*Your instructions:* All entries below must be given again exactly as they stand.

*Records for processing:*
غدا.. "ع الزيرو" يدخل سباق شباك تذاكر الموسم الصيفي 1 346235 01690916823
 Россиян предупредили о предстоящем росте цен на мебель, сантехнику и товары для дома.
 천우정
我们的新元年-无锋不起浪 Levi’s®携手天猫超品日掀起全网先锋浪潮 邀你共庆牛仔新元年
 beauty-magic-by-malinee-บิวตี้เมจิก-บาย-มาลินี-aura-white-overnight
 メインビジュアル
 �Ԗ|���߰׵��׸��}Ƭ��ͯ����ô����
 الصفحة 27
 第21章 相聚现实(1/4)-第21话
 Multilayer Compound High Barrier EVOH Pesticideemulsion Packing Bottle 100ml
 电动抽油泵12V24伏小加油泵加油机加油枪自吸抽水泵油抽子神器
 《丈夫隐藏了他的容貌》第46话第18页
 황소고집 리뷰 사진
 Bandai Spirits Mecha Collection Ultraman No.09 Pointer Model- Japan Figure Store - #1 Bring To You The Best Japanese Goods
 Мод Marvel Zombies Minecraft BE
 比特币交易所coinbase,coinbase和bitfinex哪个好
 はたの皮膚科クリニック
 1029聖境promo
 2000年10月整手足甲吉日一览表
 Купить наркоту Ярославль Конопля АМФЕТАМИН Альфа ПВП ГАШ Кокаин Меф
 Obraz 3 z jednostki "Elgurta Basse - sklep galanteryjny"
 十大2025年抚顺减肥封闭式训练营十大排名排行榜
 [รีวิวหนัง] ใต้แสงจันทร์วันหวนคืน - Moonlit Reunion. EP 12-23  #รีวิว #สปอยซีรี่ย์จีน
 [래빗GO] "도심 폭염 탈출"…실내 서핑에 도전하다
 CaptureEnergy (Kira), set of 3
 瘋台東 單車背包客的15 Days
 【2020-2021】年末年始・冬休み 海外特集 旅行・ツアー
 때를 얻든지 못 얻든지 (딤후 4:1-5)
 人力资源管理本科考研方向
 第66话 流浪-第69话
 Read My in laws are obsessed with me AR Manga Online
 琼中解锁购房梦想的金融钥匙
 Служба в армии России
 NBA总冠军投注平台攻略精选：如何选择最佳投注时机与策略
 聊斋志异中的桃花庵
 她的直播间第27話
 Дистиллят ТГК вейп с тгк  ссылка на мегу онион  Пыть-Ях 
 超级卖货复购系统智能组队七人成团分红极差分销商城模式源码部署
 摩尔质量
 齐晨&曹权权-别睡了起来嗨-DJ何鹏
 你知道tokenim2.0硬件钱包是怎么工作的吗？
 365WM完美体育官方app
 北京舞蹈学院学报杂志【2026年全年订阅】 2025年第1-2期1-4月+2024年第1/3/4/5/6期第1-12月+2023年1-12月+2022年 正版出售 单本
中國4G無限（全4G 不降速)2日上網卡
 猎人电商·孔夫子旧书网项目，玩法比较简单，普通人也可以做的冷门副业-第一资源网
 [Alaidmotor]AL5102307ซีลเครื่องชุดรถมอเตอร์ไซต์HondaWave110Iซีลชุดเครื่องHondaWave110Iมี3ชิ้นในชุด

*Output for this task:*
غدا.. "ع الزيرو" يدخل سباق شباك تذاكر الموسم الصيفي 1 346235 01690916823
 Россиян предупредили о предстоящем росте цен на мебель, сантехнику и товары для дома.
 천우정
我们的新元年-无锋不起浪 Levi’s®携手天猫超品日掀起全网先锋浪潮 邀你共庆牛仔新元年
 beauty-magic-by-malinee-บิวตี้เมจิก-บาย-มาลินี-aura-white-overnight
 メインビジュアル
 �Ԗ|���߰׵��׸��}Ƭ��ͯ����ô����
 الصفحة 27
 第21章 相聚现实(1/4)-第21话
 Multilayer Compound High Barrier EVOH Pesticideemulsion Packing Bottle 100ml
 电动抽油泵12V24伏小加油泵加油机加油枪自吸抽水泵油抽子神器
 《丈夫隐藏了他的容貌》第46话第18页
 황소고집 리뷰 사진
 Bandai Spirits Mecha Collection Ultraman No.09 Pointer Model- Japan Figure Store - #1 Bring To You The Best Japanese Goods
 Мод Marvel Zombies Minecraft BE
 比特币交易所coinbase,coinbase和bitfinex哪个好
 はたの皮膚科クリニック
 1029聖境promo
 2000年10月整手足甲吉日一览表
 Купить наркоту Ярославль Конопля АМФЕТАМИН Альфа ПВП ГАШ Кокаин Меф
 Obraz 3 z jednostki "Elgurta Basse - sklep galanteryjny"
 十大2025年抚顺减肥封闭式训练营十大排名排行榜
 [รีวิวหนัง] ใต้แสงจันทร์วันหวนคืน - Moonlit Reunion. EP 12-23  #รีวิว #สปอยซีรี่ย์จีน
 [래빗GO] "도심 폭염 탈출"…실내 서핑에 도전하다
 CaptureEnergy (Kira), set of 3
 瘋台東 單車背包客的15 Days
 【2020-2021】年末年始・冬休み 海外特集 旅行・ツアー
 때를 얻든지 못 얻든지 (딤후 4:1-5)
 人力资源管理本科考研方向
 第66话 流浪-第69话
 Read My in laws are obsessed with me AR Manga Online
 琼中解锁购房梦想的金融钥匙
 Служба в армии России
 NBA总冠军投注平台攻略精选：如何选择最佳投注时机与策略
 聊斋志异中的桃花庵
 她的直播间第27話
 Дистиллят ТГК вейп с тгк  ссылка на мегу онион  Пыть-Ях 
 超级卖货复购系统智能组队七人成团分红极差分销商城模式源码部署
 摩尔质量
 齐晨&曹权权-别睡了起来嗨-DJ何鹏
 你知道tokenim2.0硬件钱包是怎么工作的吗？
 365WM完美体育官方app
 北京舞蹈学院学报杂志【2026年全年订阅】 2025年第1-2期1-4月+2024年第1/3/4/5/6期第1-12月+2023年1-12月+2022年 正版出售 单本
中國4G無限（全4G 不降速)2日上網卡
 猎人电商·孔夫子旧书网项目，玩法比较简单，普通人也可以做的冷门副业-第一资源网
 [Alaidmotor]AL5102307ซีลเครื่องชุดรถมอเตอร์ไซต์HondaWave110Iซีลชุดเครื่องHondaWave110Iมี3ชิ้นในชุด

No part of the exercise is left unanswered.